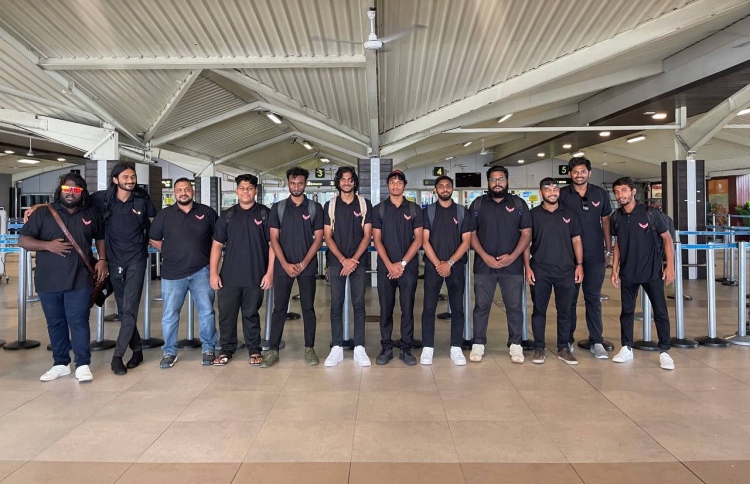 ލަންކާގެ ތްރީ އޮން ތްރީ މުބާރާތެއްގައި ރެޑްވިންގްސް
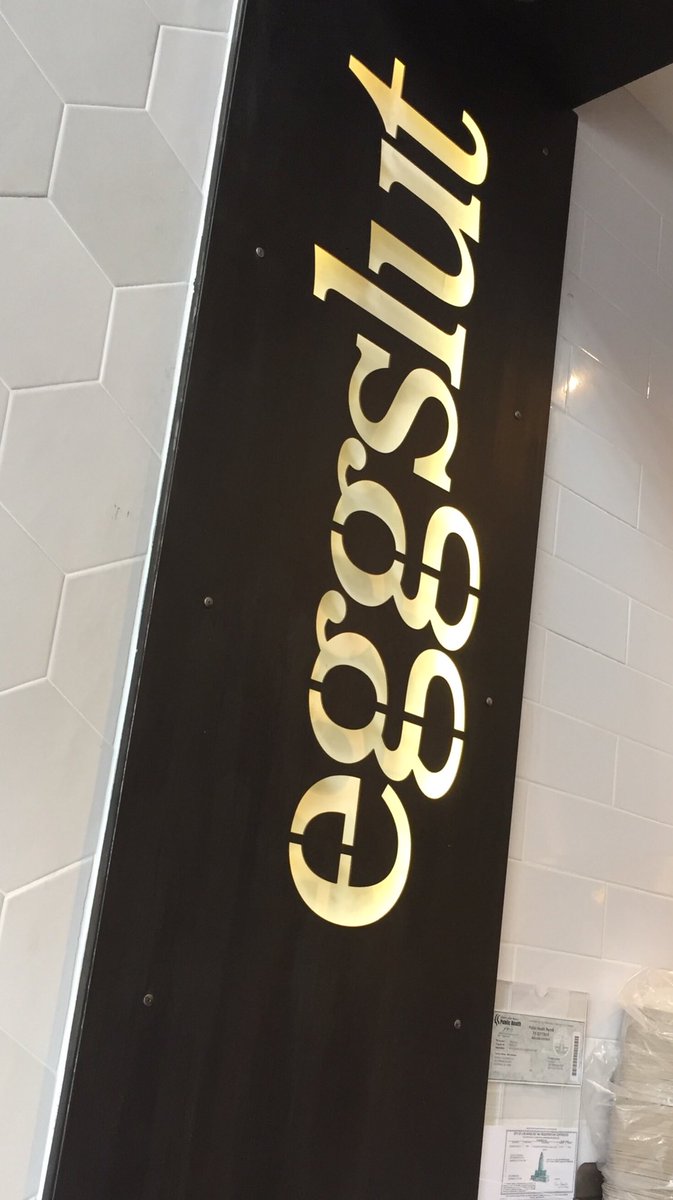 The_Game_Viking's tweet photo. Yeee #eggslut #latebteakfast https://t.co/0s8uqUxEpL
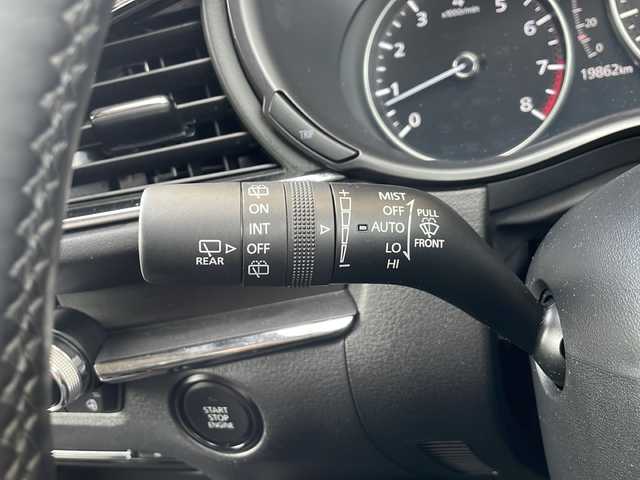 マツダ ＣＸ－３０ 20S ブラックトーンED 静岡県 2022(令4)年 2万km ソウルレッドクリスタルM 純正ナビ/・FM/AM/・Bluetooth/・USB/・スマートフォン連携/・CD/DVD/・メモリーオーディオ/・フルセグTV/・HDMI/主要装備/・３６０°ビュー・モニター/・ドライバー・モニタリング/・運転席１０Ｗａｙパワーシート/・ドライビングポジションメモリー機能/・運転席＆助手席シートヒーター/・ステアリングヒーター/・ＥＴＣ/・ドライブレコーダー/・電動パーキング/・スマートブレーキサポート/・ＢＳＭ/・コーナーセンサー/・アイドリングストップ/・レーンキープアシスト/・パワーバックドア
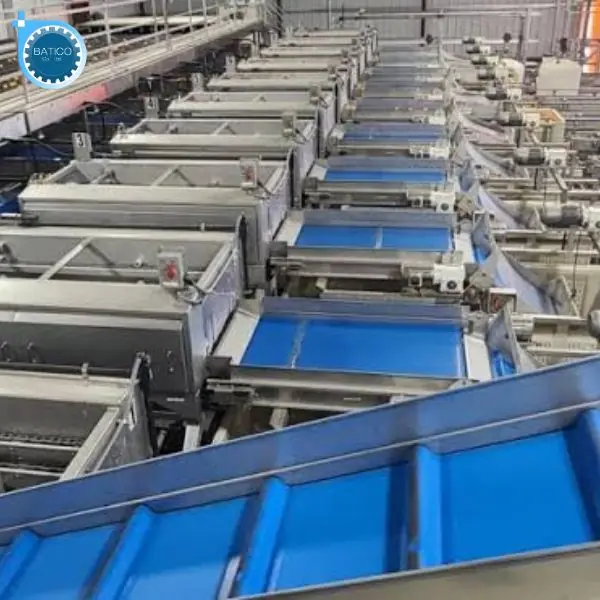 Băng tải PVC nh&aacute;m, d&aacute;n gờ v&agrave; gạt gi&uacute;p tăng độ b&aacute;m, hạn chế trượt h&agrave;ng khi vận chuyển tr&ecirc;n dốc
==============================
* [What you have to do]: Skip all pictures. Write out only the lines from the one containing "The_Game_Viking's tweet photo." to the end of the listing above, inclusive, exactly as given.

* [Reply]:
 The_Game_Viking's tweet photo. Yeee #eggslut #latebteakfast https://t.co/0s8uqUxEpL
 マツダ ＣＸ－３０ 20S ブラックトーンED 静岡県 2022(令4)年 2万km ソウルレッドクリスタルM 純正ナビ/・FM/AM/・Bluetooth/・USB/・スマートフォン連携/・CD/DVD/・メモリーオーディオ/・フルセグTV/・HDMI/主要装備/・３６０°ビュー・モニター/・ドライバー・モニタリング/・運転席１０Ｗａｙパワーシート/・ドライビングポジションメモリー機能/・運転席＆助手席シートヒーター/・ステアリングヒーター/・ＥＴＣ/・ドライブレコーダー/・電動パーキング/・スマートブレーキサポート/・ＢＳＭ/・コーナーセンサー/・アイドリングストップ/・レーンキープアシスト/・パワーバックドア
 Băng tải PVC nh&aacute;m, d&aacute;n gờ v&agrave; gạt gi&uacute;p tăng độ b&aacute;m, hạn chế trượt h&agrave;ng khi vận chuyển tr&ecirc;n dốc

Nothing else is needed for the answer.